# Westminster Basics



## Wendy427 (Apr 4, 2009)

Excellent! Very helpful information!


----------



## Ljilly28 (Jan 22, 2008)




----------



## JDandBigAm (Aug 25, 2008)

You wrote a fun and informative article for your local newspaper. I haven't been on the forum much due to my work schedule so I'm glad to have caught your post. I see you have another gorgeous Golden, Mystic!


----------



## Helo's Mom (Oct 16, 2011)

Very good article! You write very well.


----------



## Brave (Oct 26, 2012)

Great article! It really helped me understand the shows. I appreciate that. 

With Lushie having her date w/ Tonka, will you still be able to make it to Westminster?


----------



## momtolabs (Jul 8, 2012)

Very good article! 

Sent from Petguide.com Free App


----------



## OutWest (Oct 6, 2011)

Nice article--thanks! I'll be watching as much of Westminster as I can. I wish Lushie was going to be there... no accounting for the timing of some girls! LOL


----------



## Ljilly28 (Jan 22, 2008)

Lushie is so funny, that it seems she will actually have her day she is bred be exactly on Westminster Tuesday. She is a stinker, lol.


----------



## Sally's Mom (Sep 20, 2010)

You write well, as I would expect an English teacher to do...have you gone to the "dark side " with a BC? Why? So different in temperament?


----------



## TheZ's (Jun 13, 2011)

Sally's Mom said:


> ...have you gone to the "dark side " with a BC? Why? So different in temperament?


Was wondering the same. Border Collies intrigue me and if my life were different I'd definitely want one.

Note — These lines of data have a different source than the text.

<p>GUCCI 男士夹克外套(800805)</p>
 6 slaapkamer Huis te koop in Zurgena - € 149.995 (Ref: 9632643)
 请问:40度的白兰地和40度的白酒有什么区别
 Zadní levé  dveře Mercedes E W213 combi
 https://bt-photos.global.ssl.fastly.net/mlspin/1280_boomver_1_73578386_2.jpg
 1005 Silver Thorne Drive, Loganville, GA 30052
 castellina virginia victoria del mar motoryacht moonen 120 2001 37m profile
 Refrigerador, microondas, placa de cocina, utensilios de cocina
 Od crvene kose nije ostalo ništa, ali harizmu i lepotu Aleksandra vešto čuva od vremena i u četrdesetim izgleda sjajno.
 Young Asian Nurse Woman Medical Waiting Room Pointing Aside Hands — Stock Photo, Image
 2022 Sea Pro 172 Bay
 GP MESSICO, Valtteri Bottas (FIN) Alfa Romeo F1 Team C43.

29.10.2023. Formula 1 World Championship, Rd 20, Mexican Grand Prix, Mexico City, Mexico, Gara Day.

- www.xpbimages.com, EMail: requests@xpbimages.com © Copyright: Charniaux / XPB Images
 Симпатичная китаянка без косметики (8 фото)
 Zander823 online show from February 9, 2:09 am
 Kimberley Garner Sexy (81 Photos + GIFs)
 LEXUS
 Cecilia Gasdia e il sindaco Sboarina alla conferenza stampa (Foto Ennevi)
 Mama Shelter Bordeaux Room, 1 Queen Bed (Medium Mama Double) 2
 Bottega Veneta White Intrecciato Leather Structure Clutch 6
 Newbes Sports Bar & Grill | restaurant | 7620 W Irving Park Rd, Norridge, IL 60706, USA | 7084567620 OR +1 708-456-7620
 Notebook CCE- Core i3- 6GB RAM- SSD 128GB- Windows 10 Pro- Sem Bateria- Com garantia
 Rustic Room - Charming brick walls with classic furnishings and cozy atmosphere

Really enjoyed your article. Wondering what "rib spring" means . . . that the dog has a good size rib cage or something a little more than that? Also wondering what would cause a dog to have other than a level top line?


----------



## cubbysan (Mar 13, 2007)

Thanks for sharing! 

I will never forget the first time my husband went to a dog show, he was all upset, because the judge did not pick the prettiest dog for the BIS.


----------



## Ljilly28 (Jan 22, 2008)

I have a special affinity with this lovely BC pup, who is a barbie collie in the sense both of her parents are big winning show collies, but not in the sense that they have top obedience and herding titles. I still might chicken out- love the goldens. Special opportunity, lol.


----------



## Deber (Aug 23, 2011)

Jill, congratulations on your article. It was so well written and easy to follow. I think this is going to help us all understand more as we watch. I am afraid I tend to sit back when the finals are on TV and root for the one I like best, admitting I don't know the breed specifics, but get caught up in the dog's personality. Just didn't give the Judges the credit they deserve. 

Keeping my fingers crossed for Lushie and Mystic, well I can't wait to see what he has in store for all of us. 2015 will definitely be his year!


----------



## Megora (Jun 7, 2010)

Ljilly28 said:


> I have a special affinity with this lovely BC pup, who is a barbie collie in the sense both of her parents are big winning show collies, but not in the sense that they have top obedience and herding titles. I still might chicken out- love the goldens. Special opportunity, lol.



Does a special affinity mean it's your dog - or possibly going to come home with you? 

**** Having Arthur here (roughs not known for obedience or herding titles necessarily), I highly approve of the combination herding breeds and retriever breeds. The herders help with the border training and keep puppies under tight control.


----------



## Lucky Penny (Nov 13, 2011)

Well written article! BC are crazy fun dogs. I would never want to own one, but do love watching them for others from time to time.


----------



## Ljilly28 (Jan 22, 2008)

Working on an article for a dog magazine about watching dog shows. . . Cant believe a year has gone by and now it is baby Mystic's turn t get his feet(paws) wet next month.


----------



## brianne (Feb 18, 2012)

Can't wait to read the article. Best of luck to gorgeous baby Mystic!


----------